**ASSIGNMENT:**
From the line that contains "Placa de trânsito" to the end of the entries, copy each line exactly, though the pictures stay out.
%%
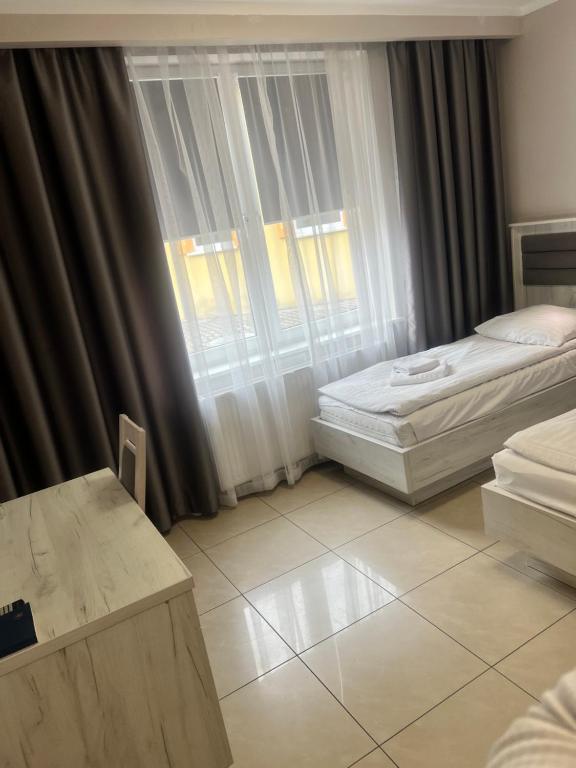Posteľ alebo postele v izbe v ubytovaní Rodos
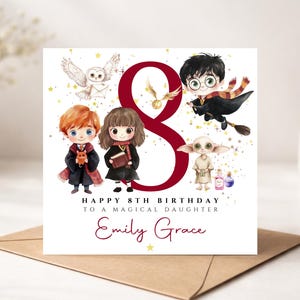 May include: A square birthday card featuring a large dark red number 8, cartoon illustrations of four characters, an owl, and a golden snitch. Text reads: HAPPY 8TH BIRTHDAY TO A MAGICAL DAUGHTER, and the name Emily Grace in a script font.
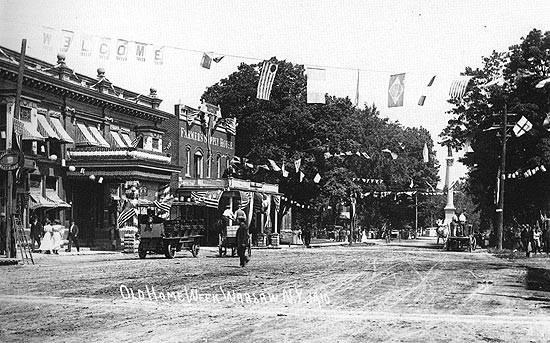 Main Street Warsaw facing North with Civil War Monument, circa 1910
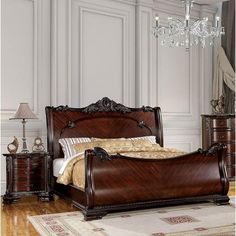 a bed sitting on top of a hard wood floor next to a dresser and mirror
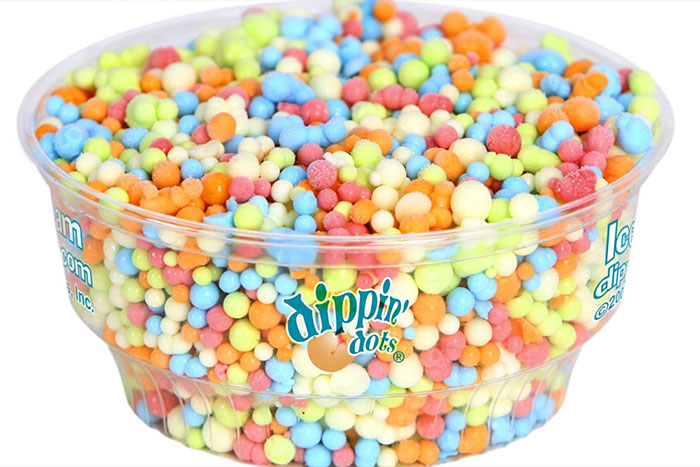 Colorful Dippin' Dots in a clear container, a nostalgic 90s food favorite.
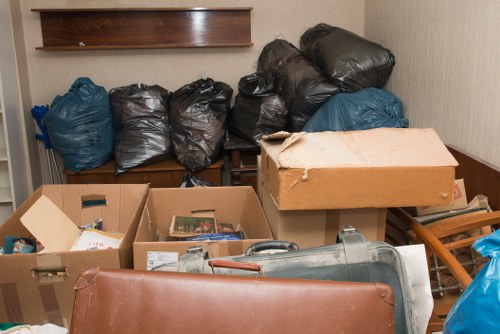 The image shows a cluttered indoor storage area or room with several large black and blue rubbish bags stacked against a wooden wall, indicating waste accumulation from rubbish removal activities. In the foreground, there are open cardboard boxes filled with various miscellaneous items, possibly paper, packaging, or small discarded objects. A portable vacuum cleaner or similar device is partially visible, placed next to the boxes. To the right, there is a wooden slatted structure or rack, and the floor appears to be covered with a brown material, possibly carpet or tile. The overall scene suggests an environment where waste or waste-related items are temporarily stored or prepared for removal, consistent with commercial waste removal services such as those offered by Commercial Waste Removal Harrow, serving Harrow and nearby areas. Lighting is even, with some shadows cast by the objects, emphasizing a practical, work-in-progress setting related to rubbish collection or disposal activities.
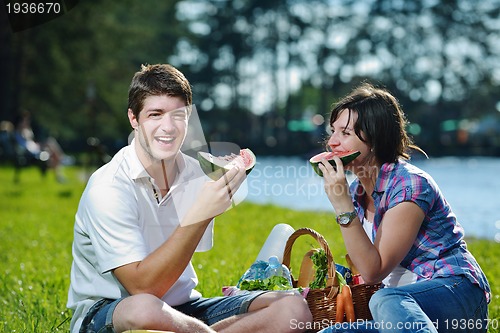 Image of happy young couple having a picnic outdoor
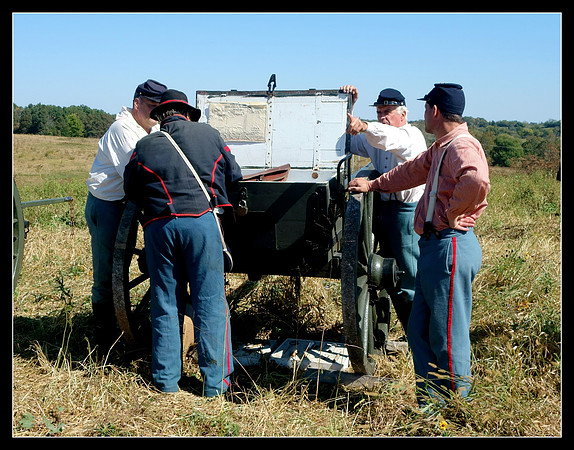 Union artillerymen check their fuses and shells before the battle of Perryville, Kentucky reenactment, 2016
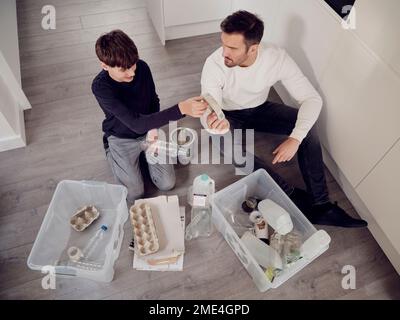 Vater und Sohn trennen Abfälle in Recyclingkisten Stockfoto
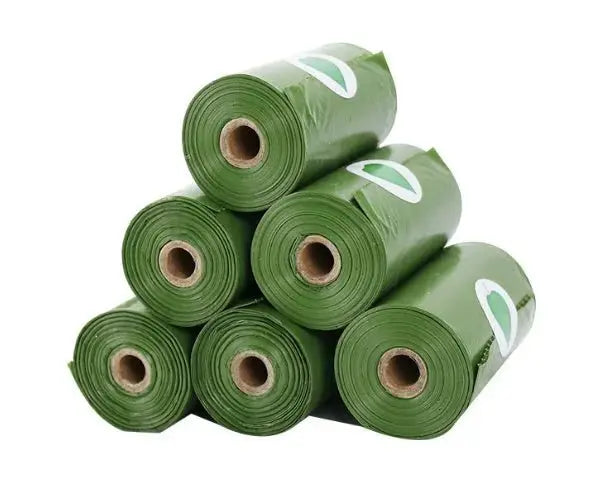 Army green biodegradable pet waste bags with dispenser, shown in a boxed set with multiple rolls from Nick's Super Store.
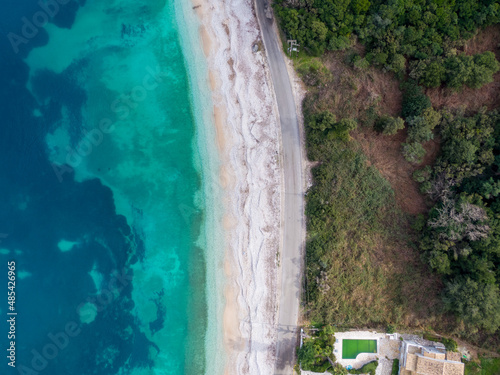 Top-down aerial view of a clean white sandy beach on the shores of a beautiful turquoise sea in corfu Greece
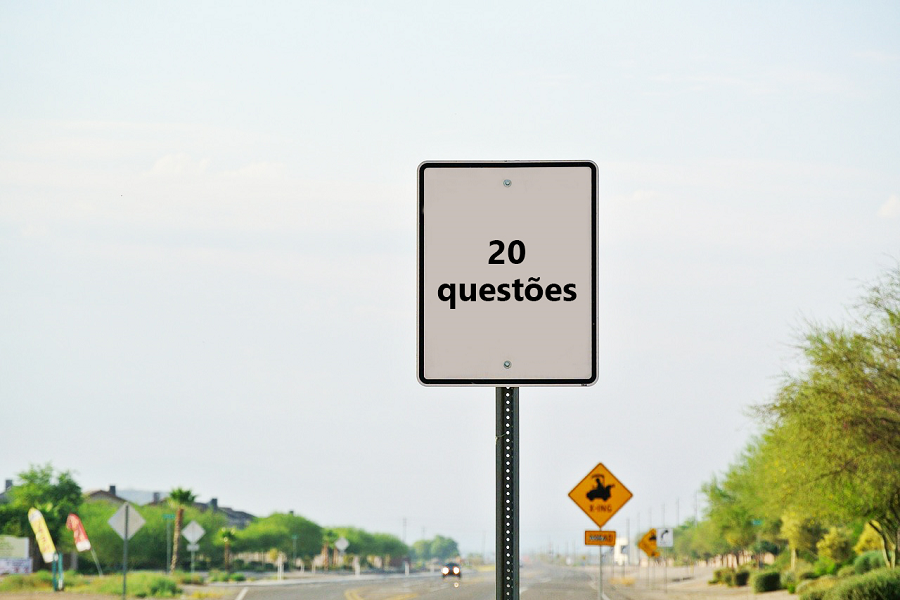 Placa de trânsito onde se lê "20 questões"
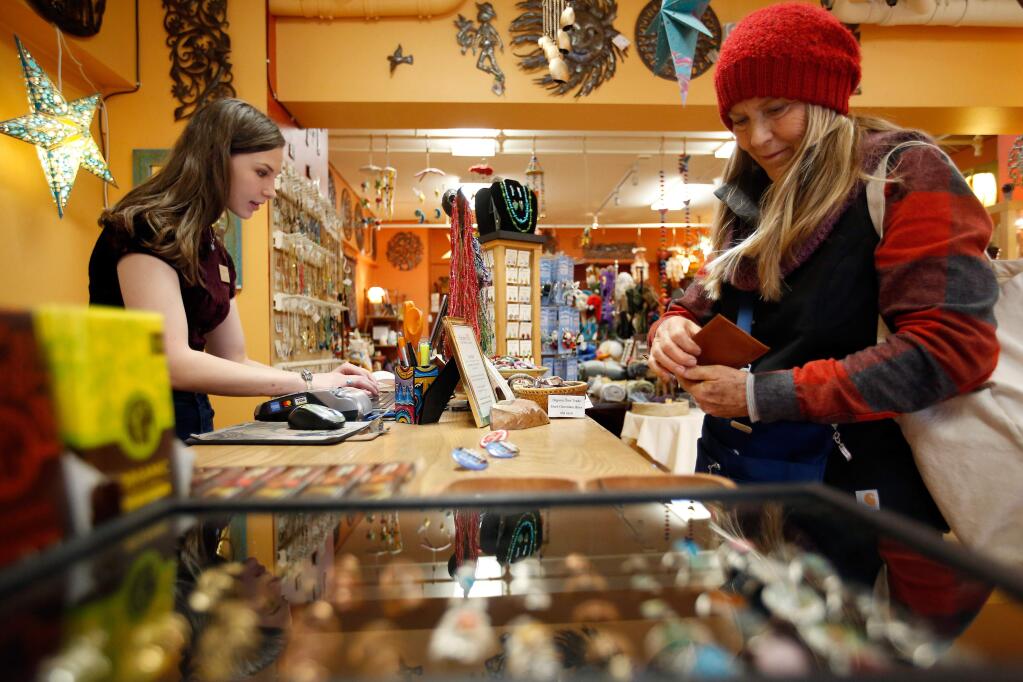 Gina Cloud, right, of Bloomfield purchases some last-minute Christmas presents from sales associate Emily Scott at Kindred Fair Trade Handcrafts in downtown Santa Rosa, California on Friday, December 22, 2017. (Alvin Jornada / The Press Democrat)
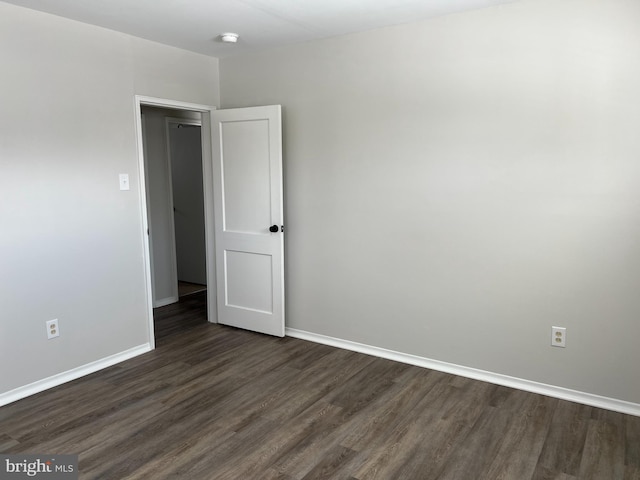 spare room with dark hardwood / wood-style flooring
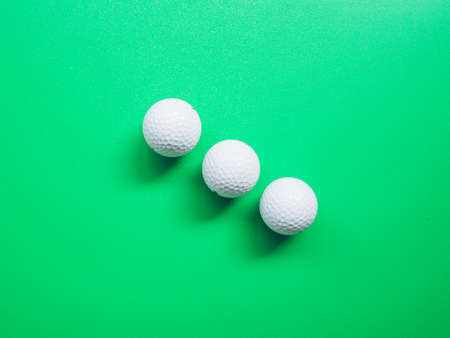 Top view of golf ball on green background.の写真素材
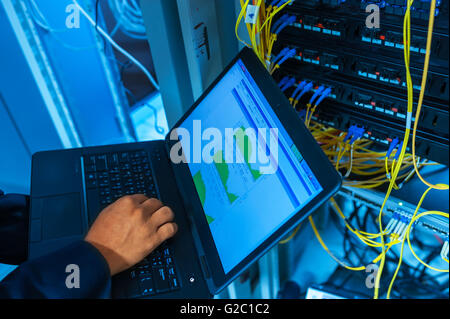 Fix network switch in data center room . Stock Photo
%%
**REPLY:**
 Placa de trânsito onde se lê "20 questões"
 Gina Cloud, right, of Bloomfield purchases some last-minute Christmas presents from sales associate Emily Scott at Kindred Fair Trade Handcrafts in downtown Santa Rosa, California on Friday, December 22, 2017. (Alvin Jornada / The Press Democrat)
 spare room with dark hardwood / wood-style flooring
 Top view of golf ball on green background.の写真素材
 Fix network switch in data center room . Stock Photo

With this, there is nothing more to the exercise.